# Book Question



## MarkF (Jul 5, 2003)

There is a book I want, but I forgot the title, oh, and the author too. Hopefully someone can help me out.









I saw a review in the Times recently, it was a book about the night and how man coped before the advent of electric lights. Now, that really got me thinking







I'd like to buy it......tomorrow if poss.

Many thanks.


----------



## rhaythorne (Jan 12, 2004)

_At Day's Close_ - A Robert Ekirch


----------



## MarkF (Jul 5, 2003)

Wow! Thanks, I shall be shopping tomorrow, how did you do that?


----------



## rhaythorne (Jan 12, 2004)

The power of the Internet









I just did a quick search of the book review section on the Times website


----------



## mad_librarian (Jan 30, 2005)

rhaythorne said:


> The power of the Internet
> 
> 
> 
> ...


ever thought of becoming a librarian...









cheers

mad_l


----------



## rhaythorne (Jan 12, 2004)

No, but it's probably more interesting day-to-day than reading through computer log files, vulnerability reports and the like which is what I spend most of my time doing these days


----------



## pg tips (May 16, 2003)

I just know I'm gonna regret asking this but what is a "vulnerability report" ?

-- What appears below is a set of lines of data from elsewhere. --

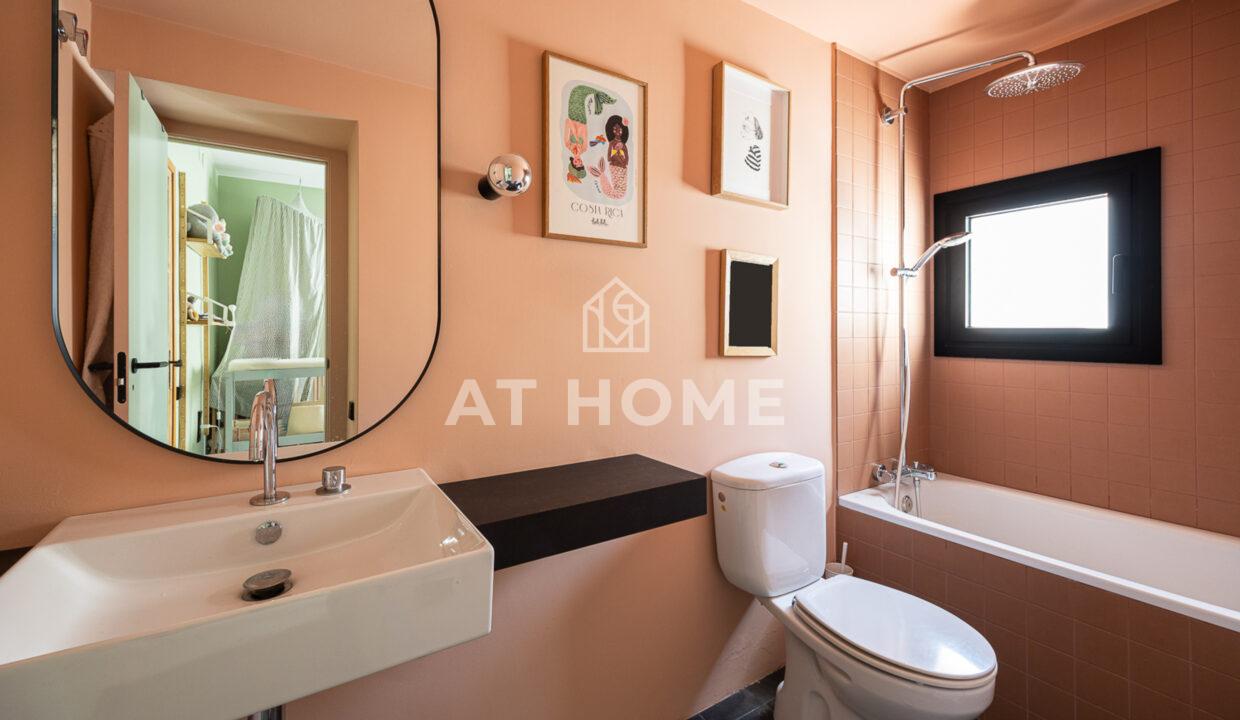 jordi soriano iniesta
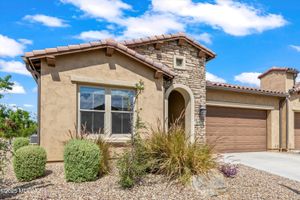 61148 E SHALE RD, ORACLE, AZ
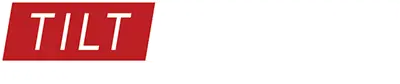 TILT Higher Ed Logo
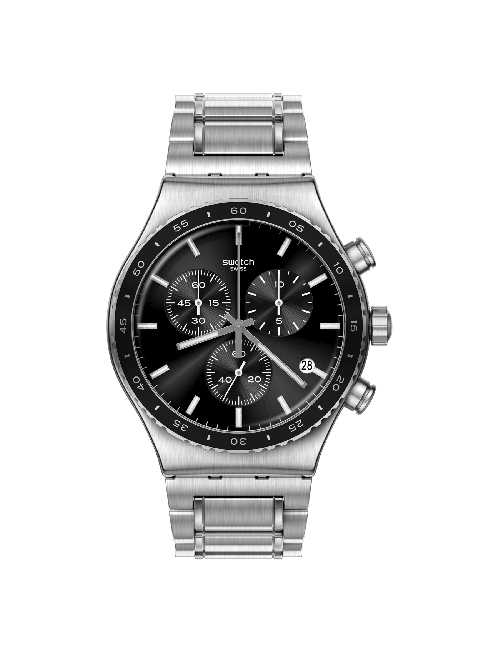 YVS495G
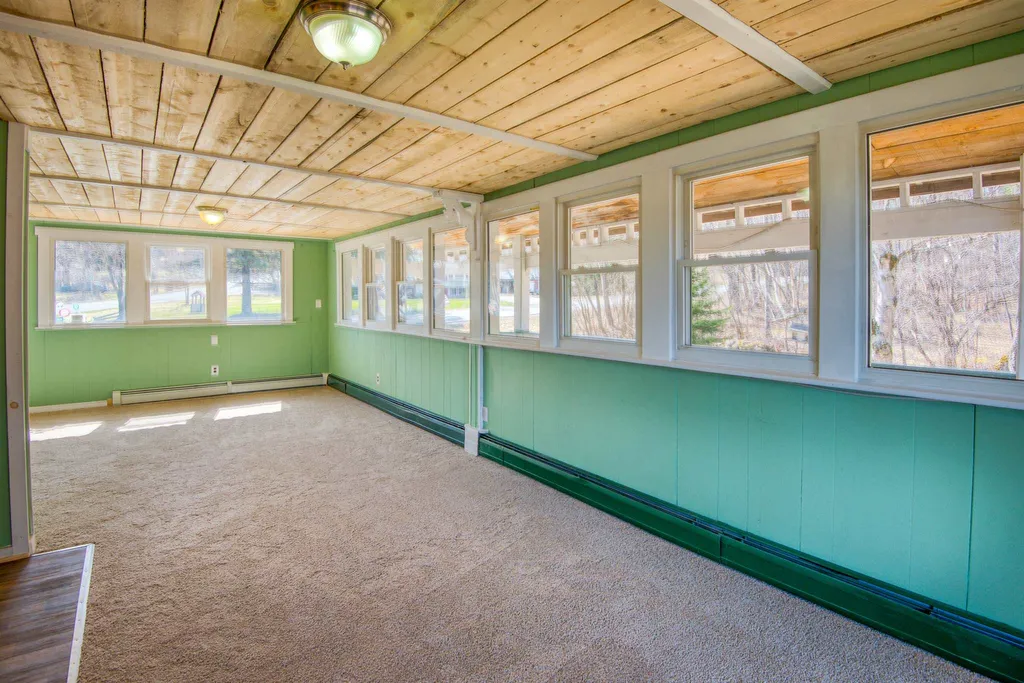 116 Mount Eustis Road Littleton NH 03561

Anything to do with OS/2 phones?


----------



## jasonm (Nov 22, 2003)

OOooo Thats funny


----------



## rhaythorne (Jan 12, 2004)

pg tips said:



> I just know I'm gonna regret asking this but what is a "vulnerability report" ?


Have a look at NISCC - Vulnerabilities.

I spend much of my time running through the published lists of computer vulnerabilities on sites like this one, plus the many other security sites and some of the better "hacker" sites (which often immediately publish the full exploit code) and then evaluate whether the computer systems at the company I work for are at risk (i.e. vulnerable) and recommend possible solutions to the problem.

Once in a while something really nteresting comes up which makes it all worthwhile, but it's mostly tedious.


----------



## Stan (Aug 7, 2003)

pg tips said:


> I just know I'm gonna regret asking this but what is a "vulnerability report" ?
> 
> 
> 
> ...


OS/2 warp phones by any chance?


----------